In 1972 Nixon drove a wedge between the USSR and China, fracturing the supposed unity of the international communist movement. When the US finally withdrew in 1975, China's allies in Cambodia launched a war against Vietnam, whom they feared wanted to unite Indochina under its auspices as the region had been united under France. Part of that war was Pol Pot's pogrom against the Vietnamese community within Cambodia whom he feared might function as a fifth column for Hanoi. That led to the war between the two countries that lasted through 1978 and the Chinese invasion of Vietnam in February 1979--an action unwittingly supported by the clueless Carter administration's recognition agreement with Beijing in December 1978, which prevented the soviets from supporting their ally Vietnam.
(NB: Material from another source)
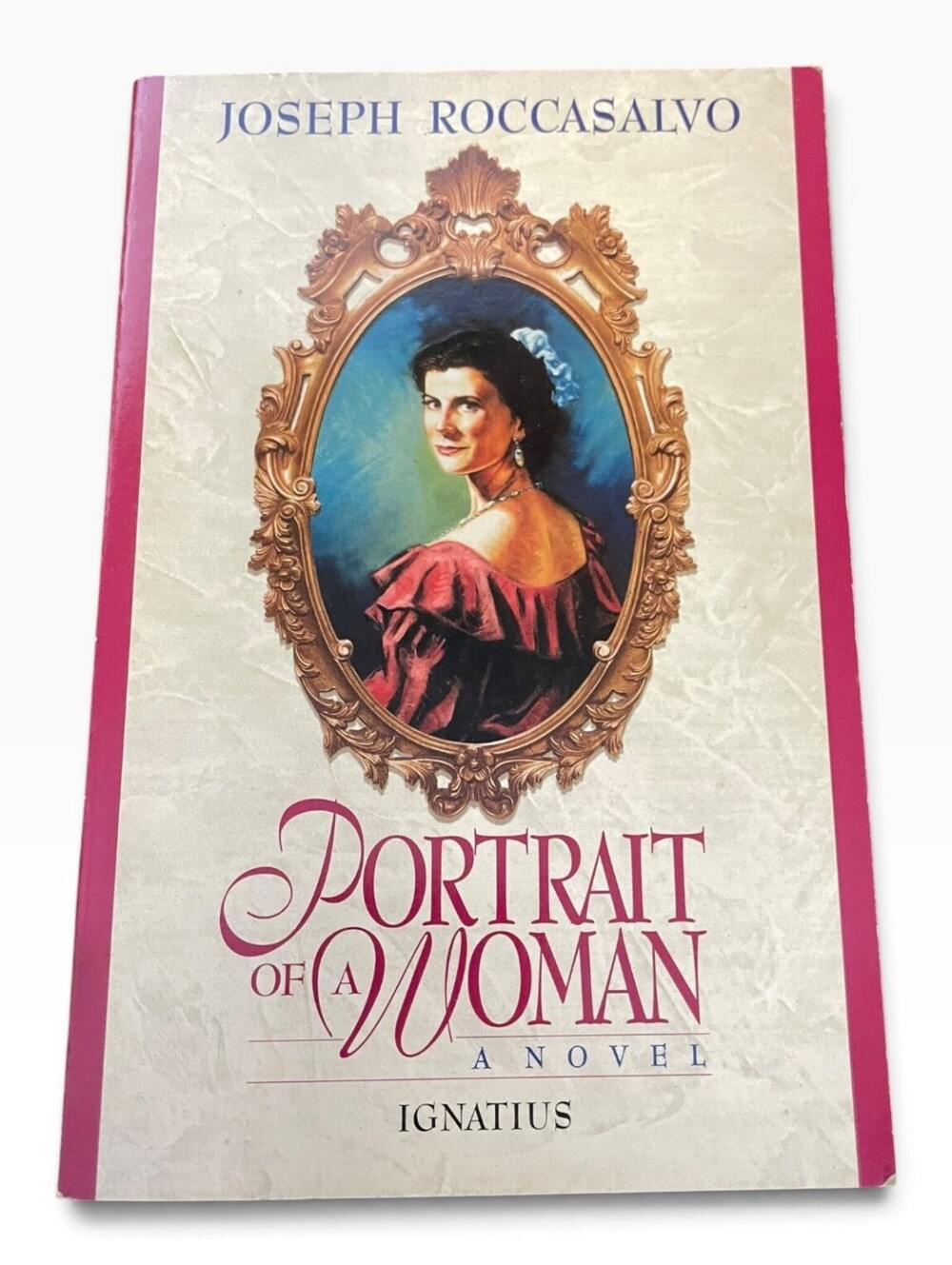 Portrait of a Woman: A Novel by Joseph Roccasalvo - Ignatius Press Paperback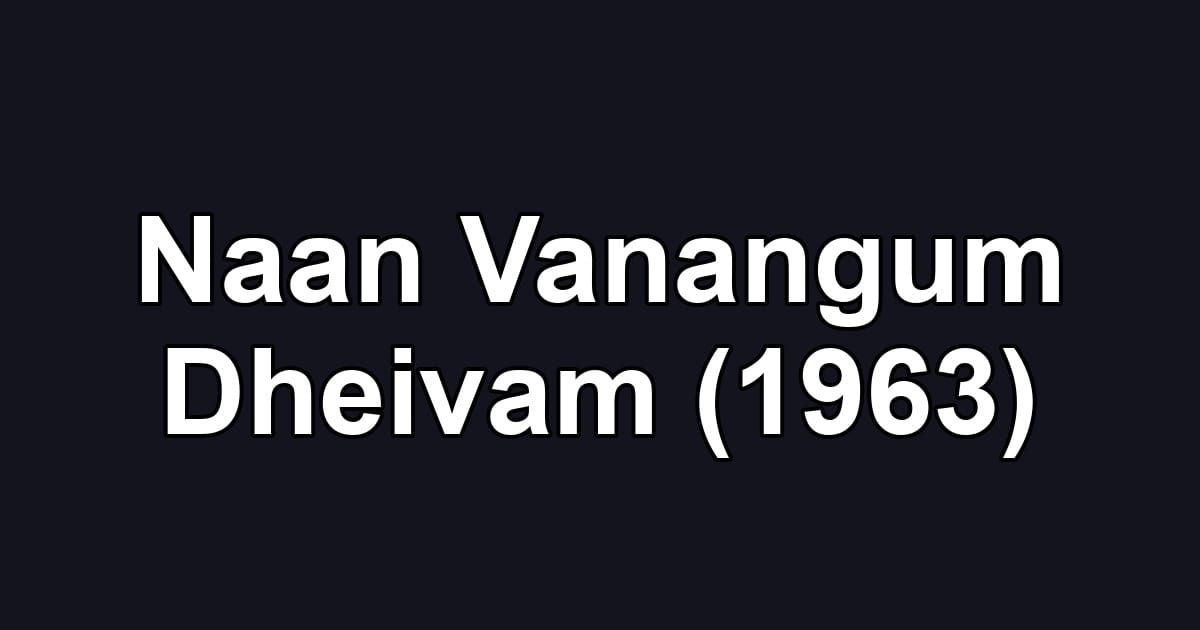 Naan Vanangum Dheivam (1963)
There are two important points about that. First, the boat people you encountered were almost entirely Vietnamese who had lived in Cambodia and were displaced by Pol Pot between 1976 and 1978. Besides Hong Kong, they washed up in refugee camps on Palawan in the Philippines, in Thailand, Malaysia, and even Australia. Tens of thousands of them would be stuck in those camps for decades; two generations of children would be born in those collections of hovels. Second, there was no international "communism" then or anytime since. Wars between the communist powers were at least as intense, and certainly more frequent, than between them and the "free" world.
With that background, I'm wondering what you mean by communism and fascism being on the march today. China rejected communism in that same Third Plenum in 1978 that confirmed the decision to recognize the US as well as the imminent invasion of Vietnam. The reason the Chinese economy has done so well since then is precisely because it embraced capitalism. Nor is modern Russia communist; rather, it is a kleptocratic form of capitalism.
Sure, we may be facing a new "Cold War," but it isn't between capitalism/fascism and communism: it is between various forms of capitalism under increasingly authoritarian/fascist leaderships. The wave across the world is towards the latter, not the former. In the US and parts of Western Europe there is definitely a proto-fascist tendency, but what you appear to term "communist" is really just attempted movement back towards the more egalitarian politics and economics of the 1950s--when the highest marginal tax rate in the US was 93%. Did that make Eisenhower and Nixon communists???
And "Cold War" doesn't need to be between different ideological systems: it more typically is between similar regimes fighting over concrete economic and geopolitical interests.